Problem to work on =>
Exactly the lines from the one containing "Round wooden Christmas" through the one containing "Natural Green Emerald" in the listing below are to be copied, with the pictures left out.

Records for the task =>
= Beginning of Section =

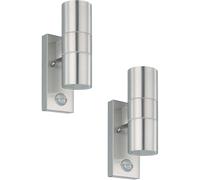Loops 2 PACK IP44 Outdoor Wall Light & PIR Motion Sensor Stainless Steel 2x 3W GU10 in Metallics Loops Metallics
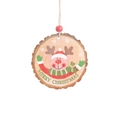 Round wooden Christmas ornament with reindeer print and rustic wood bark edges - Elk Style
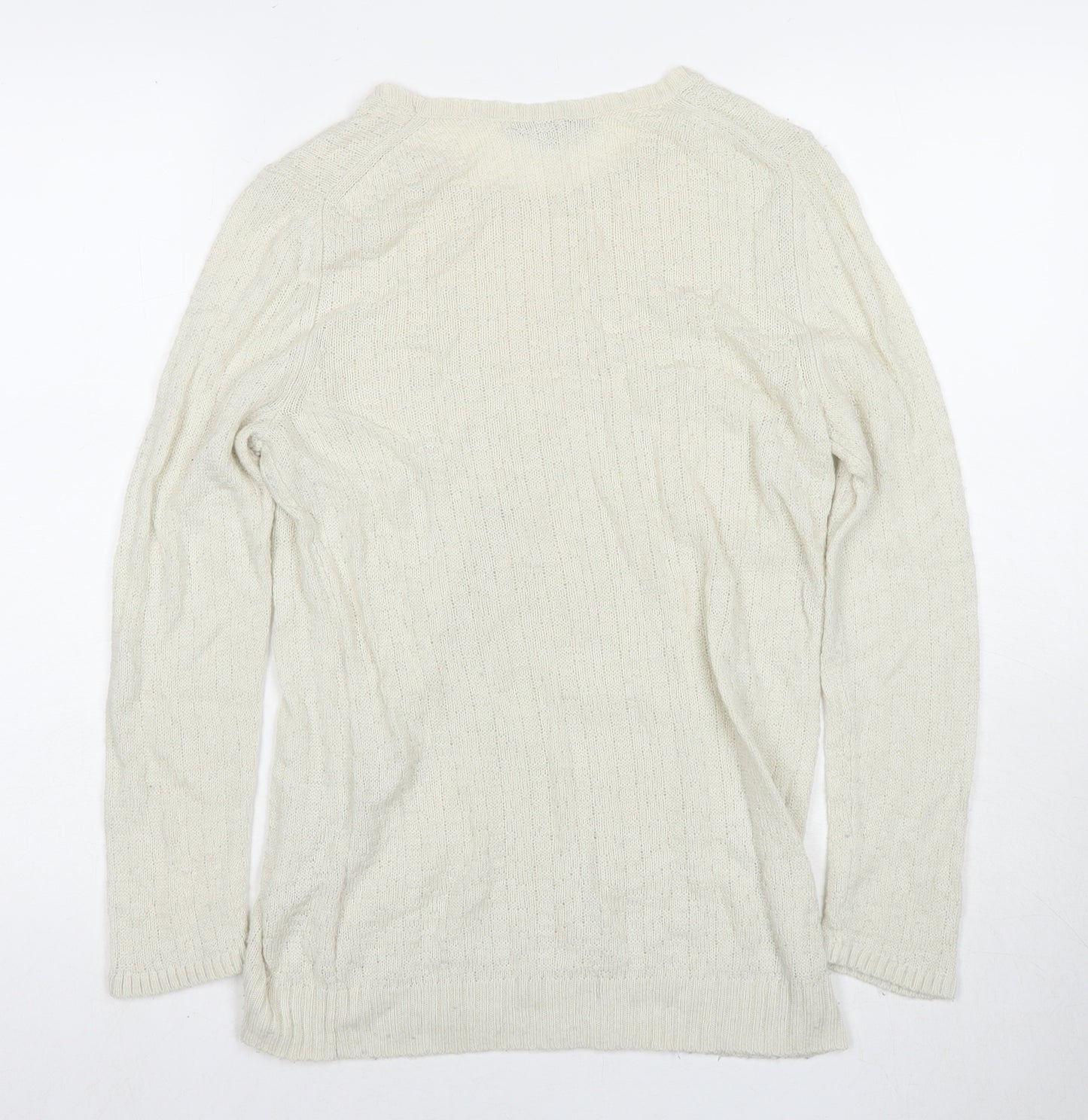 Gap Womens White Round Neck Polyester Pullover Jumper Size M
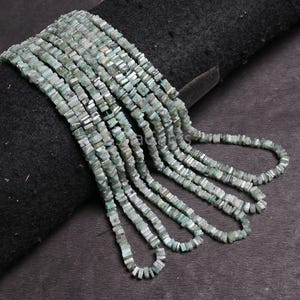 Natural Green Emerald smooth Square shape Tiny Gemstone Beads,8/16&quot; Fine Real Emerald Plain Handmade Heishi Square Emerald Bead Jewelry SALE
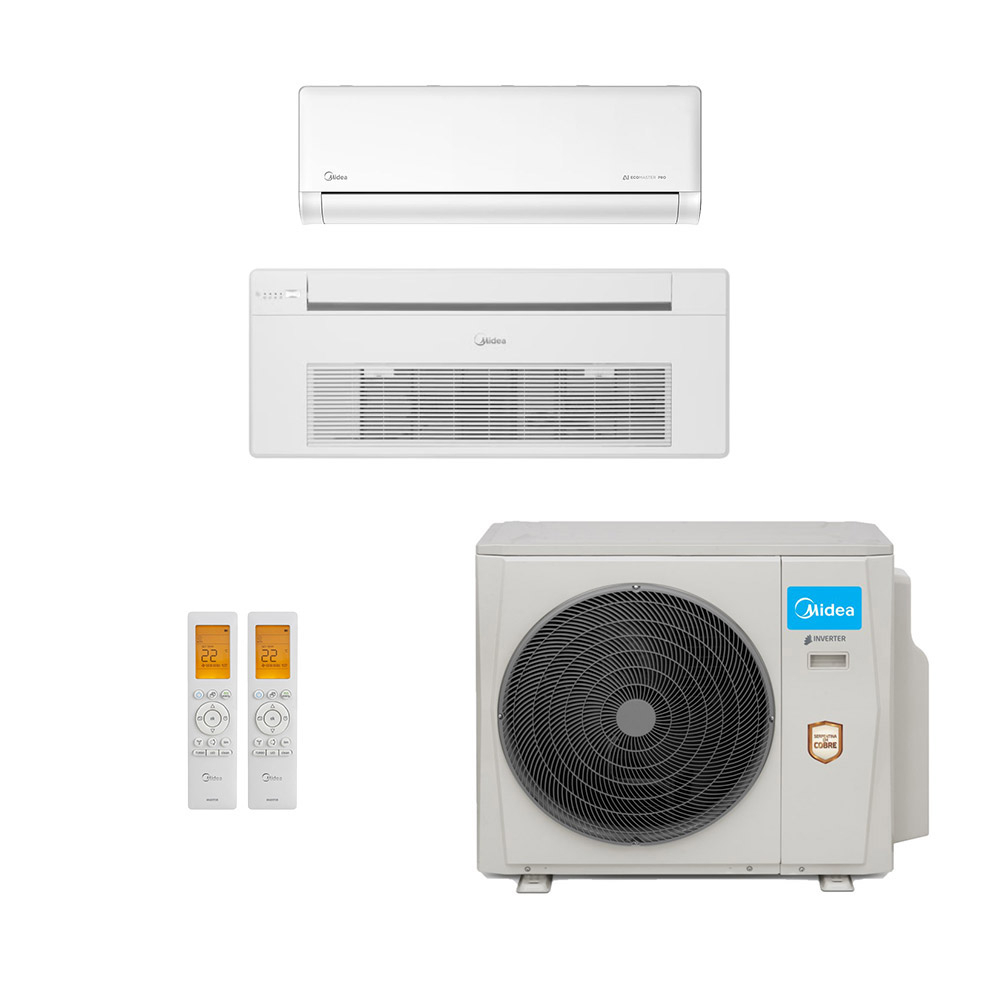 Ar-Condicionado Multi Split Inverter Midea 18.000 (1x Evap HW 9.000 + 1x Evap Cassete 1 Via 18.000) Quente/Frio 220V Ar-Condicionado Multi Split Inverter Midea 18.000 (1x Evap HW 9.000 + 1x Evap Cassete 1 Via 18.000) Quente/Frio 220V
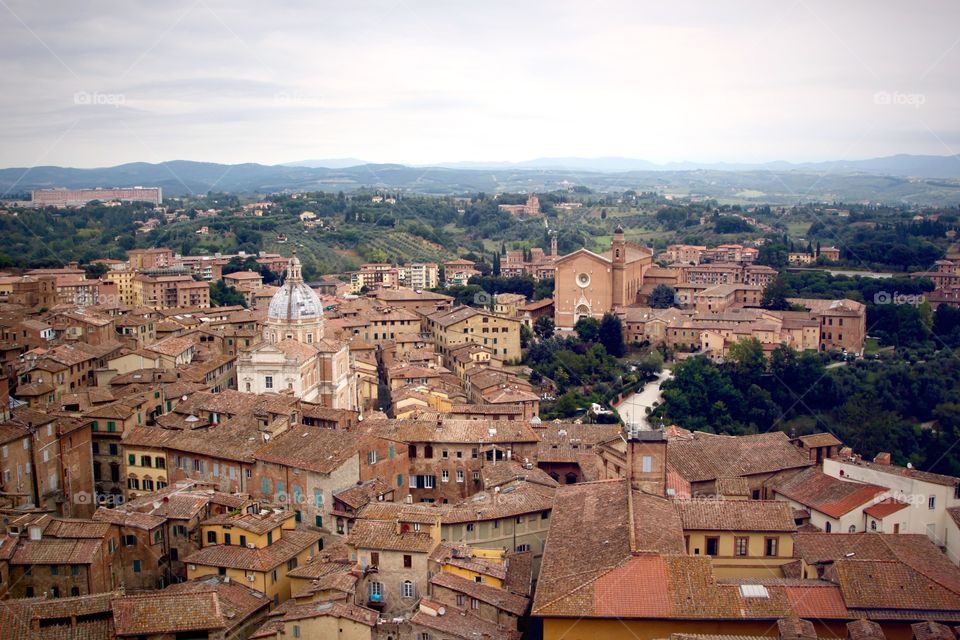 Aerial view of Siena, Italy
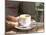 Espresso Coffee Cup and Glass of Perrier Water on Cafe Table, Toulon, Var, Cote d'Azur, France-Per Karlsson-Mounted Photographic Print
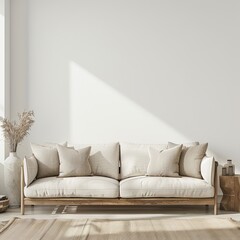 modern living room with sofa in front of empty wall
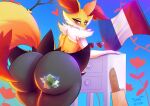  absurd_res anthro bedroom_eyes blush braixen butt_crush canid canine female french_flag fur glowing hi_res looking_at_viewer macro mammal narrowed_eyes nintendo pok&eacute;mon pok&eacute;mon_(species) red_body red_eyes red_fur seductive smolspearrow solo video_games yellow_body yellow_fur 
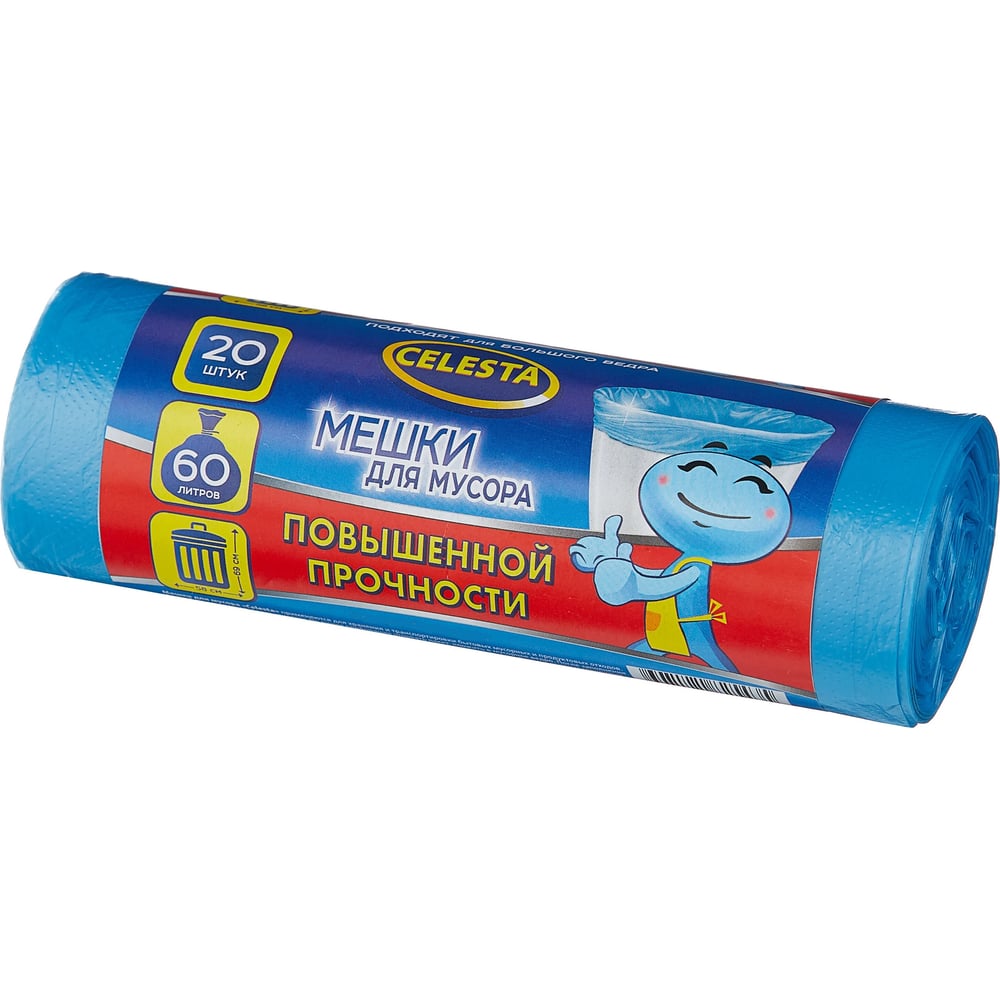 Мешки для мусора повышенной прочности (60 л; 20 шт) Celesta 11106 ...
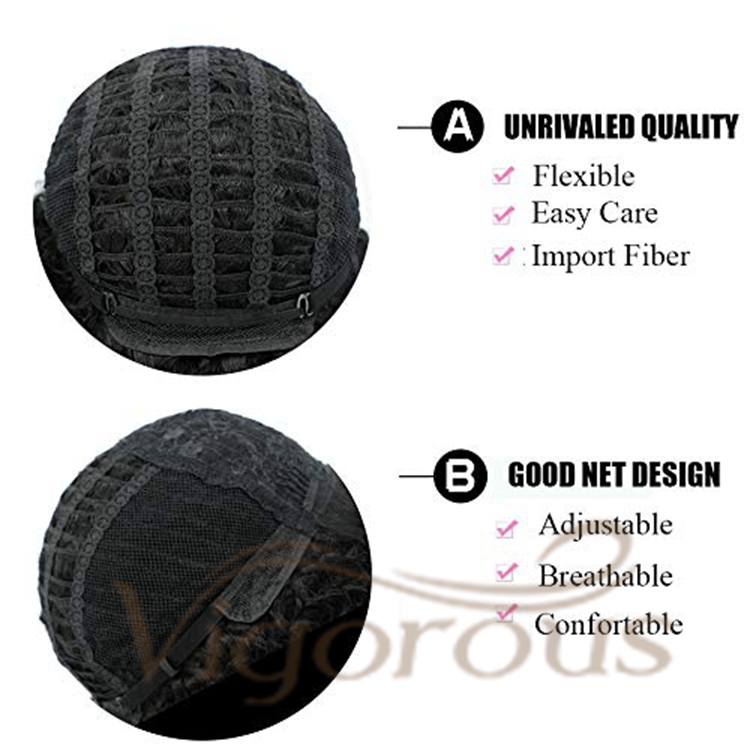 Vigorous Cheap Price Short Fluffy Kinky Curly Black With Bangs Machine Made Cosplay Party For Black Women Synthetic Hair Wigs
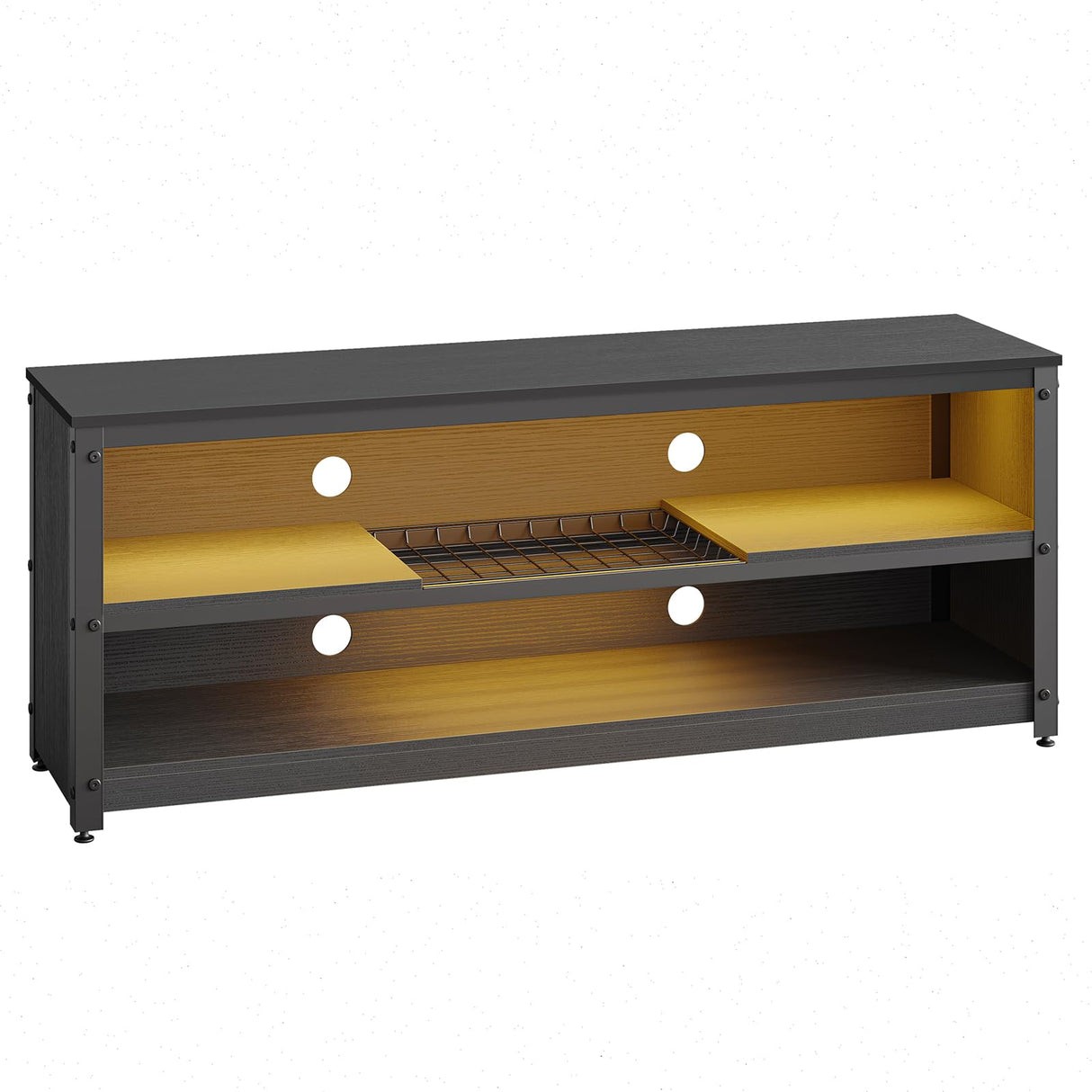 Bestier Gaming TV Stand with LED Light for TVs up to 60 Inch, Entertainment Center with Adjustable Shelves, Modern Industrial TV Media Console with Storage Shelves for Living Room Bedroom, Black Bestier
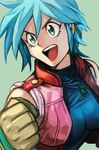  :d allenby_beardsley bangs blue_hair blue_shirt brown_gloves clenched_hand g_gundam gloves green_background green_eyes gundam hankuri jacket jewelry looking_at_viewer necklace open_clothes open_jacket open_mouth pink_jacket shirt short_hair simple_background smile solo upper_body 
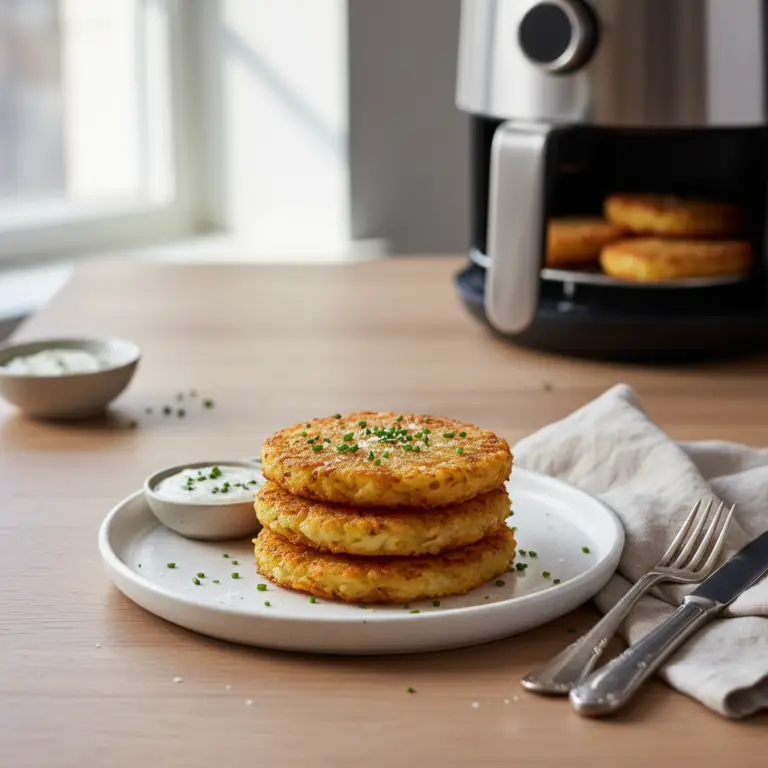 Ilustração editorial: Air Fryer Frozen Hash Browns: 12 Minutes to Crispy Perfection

= End of Section =

Reply =>
 Round wooden Christmas ornament with reindeer print and rustic wood bark edges - Elk Style
 Gap Womens White Round Neck Polyester Pullover Jumper Size M
 Natural Green Emerald smooth Square shape Tiny Gemstone Beads,8/16&quot; Fine Real Emerald Plain Handmade Heishi Square Emerald Bead Jewelry SALE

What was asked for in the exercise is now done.